DATA SEGMENT
BEGIN
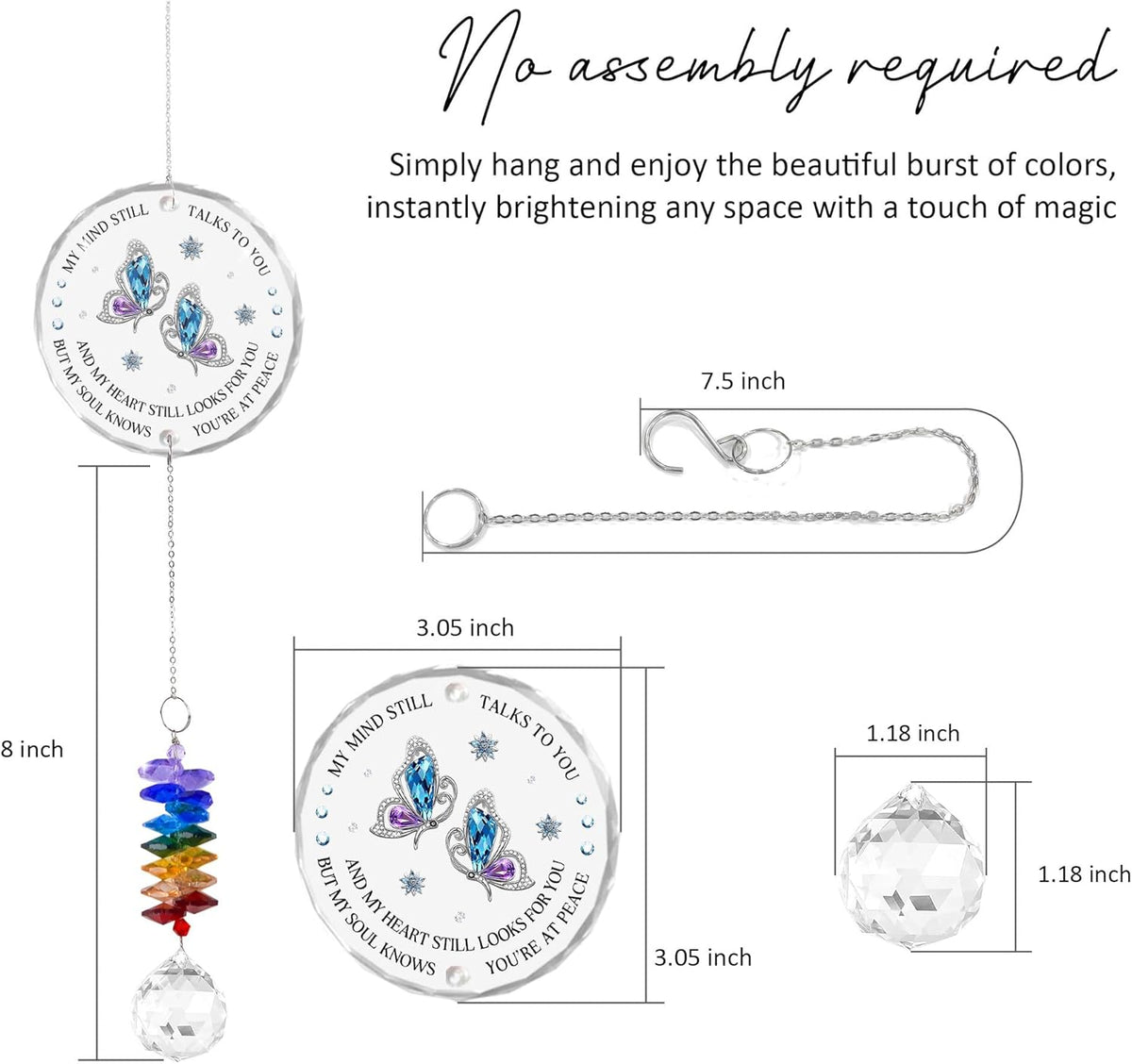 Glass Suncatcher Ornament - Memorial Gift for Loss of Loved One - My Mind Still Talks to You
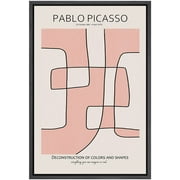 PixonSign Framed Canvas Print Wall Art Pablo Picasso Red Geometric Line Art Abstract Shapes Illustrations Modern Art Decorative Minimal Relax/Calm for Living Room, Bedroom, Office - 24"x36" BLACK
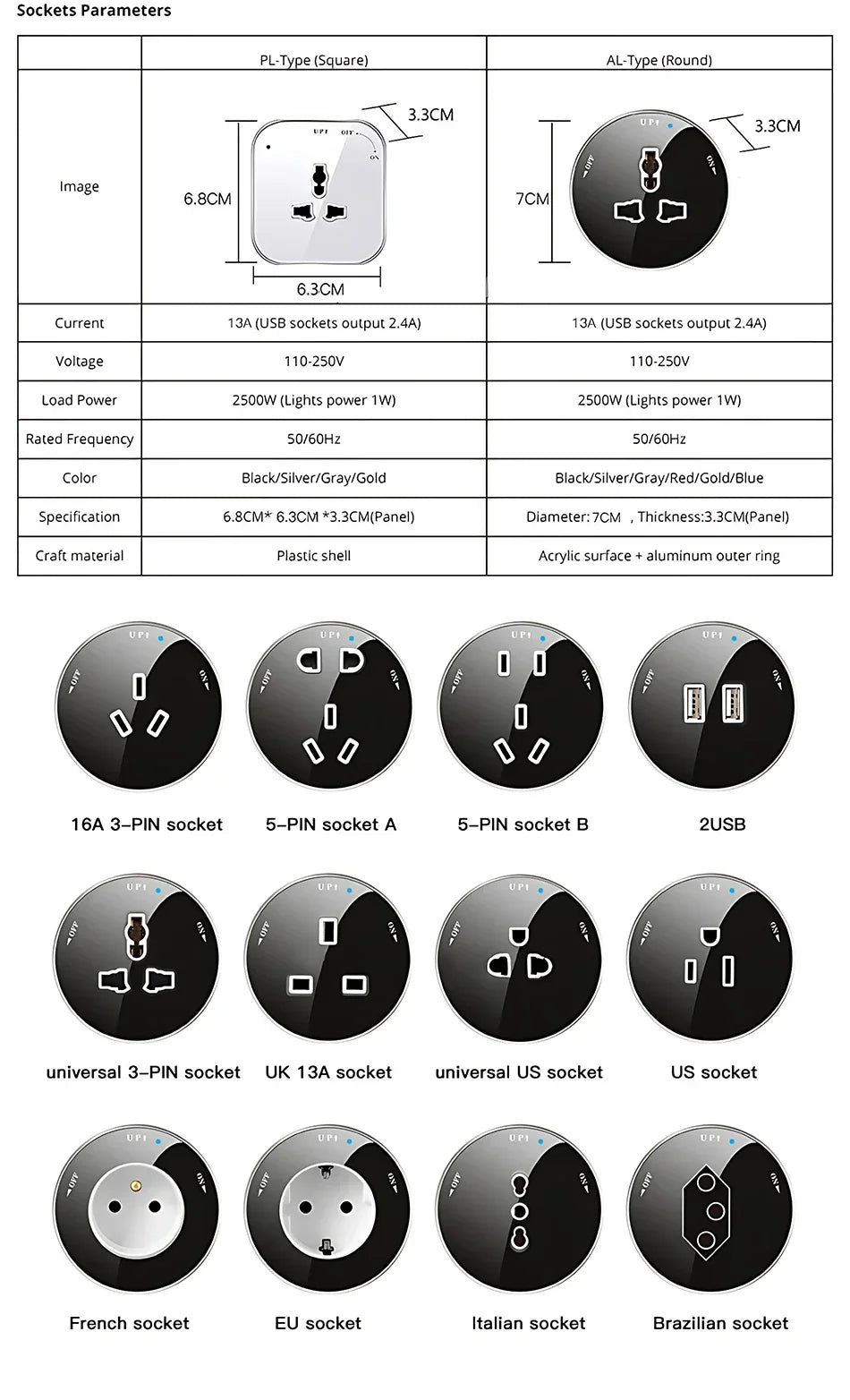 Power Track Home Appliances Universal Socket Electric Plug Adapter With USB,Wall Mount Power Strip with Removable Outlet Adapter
END
All the material above must be copied exactly, and no picture belongs in the copy.

THE COMPLETED TASK
 Glass Suncatcher Ornament - Memorial Gift for Loss of Loved One - My Mind Still Talks to You
 PixonSign Framed Canvas Print Wall Art Pablo Picasso Red Geometric Line Art Abstract Shapes Illustrations Modern Art Decorative Minimal Relax/Calm for Living Room, Bedroom, Office - 24"x36" BLACK
 Power Track Home Appliances Universal Socket Electric Plug Adapter With USB,Wall Mount Power Strip with Removable Outlet Adapter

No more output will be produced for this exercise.